Information supplied:
= = =
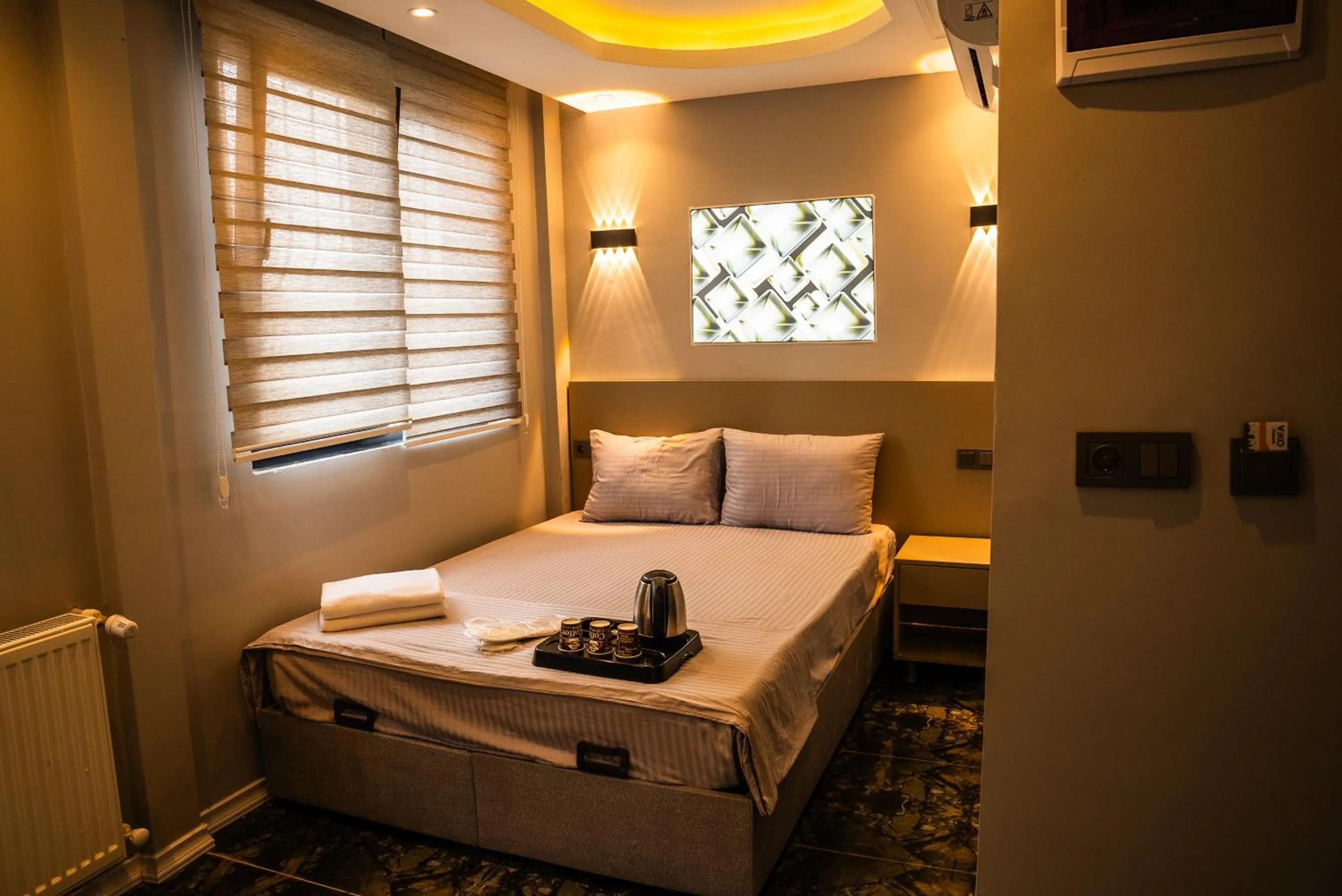 Bed in CK PALACE Hotel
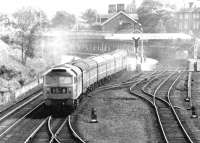 The down <I>Thames-Clyde Express</I> restarts from Dumfries on 31 May 1971, with a Brush Type 4 in place of the usual Holbeck 'Peak' at the head of the train.<br><br>[John Furnevel 31/05/1971]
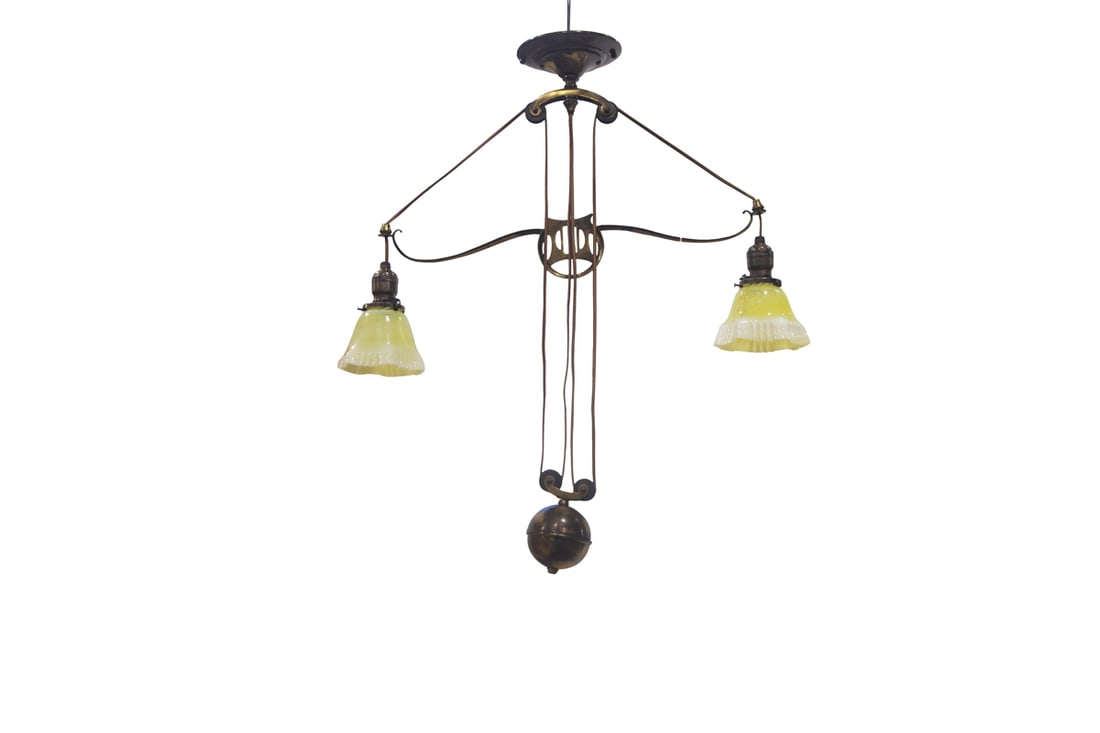 A "Rise and Fall" Art Nouveau Fixture with two shades: An Art Nouveau 'Rise & Fall' two-light fixture, circa 1910, the brass telescopic pendant fixture featuring a weighted counter-balance mechanism and two opalescent swirl glass shades with ruffled rims,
= = =
Task to complete: Copy the lines above exactly. Do not include pictures.

Response to this task:
 Bed in CK PALACE Hotel
 The down <I>Thames-Clyde Express</I> restarts from Dumfries on 31 May 1971, with a Brush Type 4 in place of the usual Holbeck 'Peak' at the head of the train.<br><br>[John Furnevel 31/05/1971]
 A "Rise and Fall" Art Nouveau Fixture with two shades: An Art Nouveau 'Rise & Fall' two-light fixture, circa 1910, the brass telescopic pendant fixture featuring a weighted counter-balance mechanism and two opalescent swirl glass shades with ruffled rims,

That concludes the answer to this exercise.